In London, burger joints have proliferated hugely in recent years. As result, there are simply too many and unfortunately some have closed (including my local favourite, a branch of Gourmet Burger Kitchen, this week). Despite, their proliferation, it seems as though we simply aren’t eating enough burgers, despite the fact, that I’m personally trying to do my bit, burger-wise.
In the financial markets, it can sometimes seem that way, where some theme seems to be everywhere. Yet, in practice it hasn’t really been embraced by market participants. When it comes to ideas such as alternative data, is this the case (and I’m currently co-authoring a book about the topic with Alexander Denev)?. Whilst there is a lot of chatter about alternative data, it’s only really the major quant funds who have been using it for years, whilst other firms are playing catch up. A lot of the growth in alternative data is likely ahead of us.
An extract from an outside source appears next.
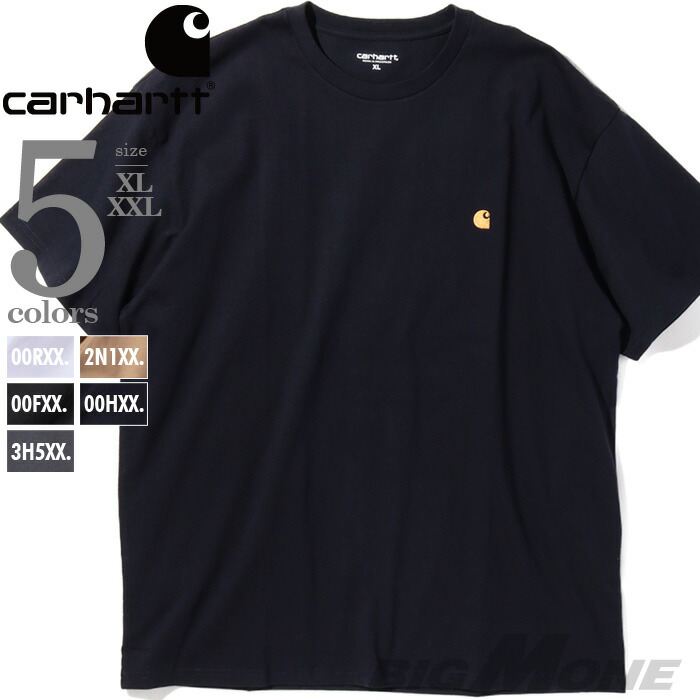 大きいサイズ メンズ CARHARTT カーハート ロゴ刺繍 半袖 Tシャツ USA直輸入 i026391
Is the same true true of transaction cost analysis in recent years? TCA basically involves analysis which can work out how much you’ve paid for a trade. Recently, there has been an uptake in TCA helped by regulation, such as MiFID II, which discusses best execution. In other words, the buy side needs to show that they have got the best price (at least in some asset classes). Is everyone doing TCA yet or is more a case of cheeseburgers without cheese patties..? Greenwich Associates recently released their 2019 report on transaction cost analysis to help answer this question (summary here and also here) – thanks Wilfred Daye for posting their press release on LinkedIn! The report which surveyed 256 firms in Europe and North America, noted that 95% of trading desks in their sample are using TCA for equities. The high take up for equities perhaps isn’t such a big surprise. However, in other asset classes, usage is comparatively low, indeed in FX it’s 63% and much lower at 37% in fixed income. Indeed, this is probably reflected in the number of TCA solutions there are in equities versus other asset classes. If you’re interested in a TCA solution, tcapy, Cuemacro’s TCA software is now available and is focused on FX spot (more details here) and it can be expanded to other asset classes too.
There are of course complexities in FX, compared to equities. The FX market is more fragmented than equities, and there isn’t a consolidated trade tape (and I doubt there will be a fully comprehensive one any time soon), although there are some some interesting new products such as FastMatch’s TradeTape, which do try to address this. Whilst FX is quite fragmented it is also now possible to get comprehensive hourly volume data from CLS (and also some FX flow data), so you can get an idea of how large your flow is versus the volume in that currency pair. For deliverable currencies which are settled by CLS, their coverage is over 50% of the market for volume.
Typically, FX is pretty liquid, especially in G10 FX, so there isn’t the issue that there aren’t any quotes to construct a benchmark. In practice, we might wish to construct a benchmark using a number of different price streams to take into account our various liquidity providers and the venues FX trades on.
In fixed income, there are also issues, which can make TCA more challenging. Many of the assets within fixed income are less liquid and it can be difficult to know what a market benchmark price is (eg. off-the-run bonds). However, you do have TRACE data in the USA which records fixed income transaction data.
The argument that, we shouldn’t do TCA in FX or fixed income, because it’s a bit more difficult, isn’t one that I agree with. Yes, having high frequency data to benchmark against is the ideal situation, which might not always be available for all fixed income instruments, but even having the open, high, low and close quotes, will give us some way of comparison. For example, if we repeatedly get filled for sells at the low of the day, that is a valuable observation if you’re trading.
Ultimately, TCA shouldn’t just be about box ticking for the assets where it’s mandated, it should go beyond that and encompass as many of the assets that you can trade, even if TCA isn’t “easy” in those assets. If you save money on how you execute, that is good for you and for your investors. That’s why it’s worth spending time on TCA and using a solution that you can customise to your requirements, like Cuemacro’s tcapy Python based library. Using tcapy means you don’t have to reinvent the wheel and also allows you to keep your trade data private.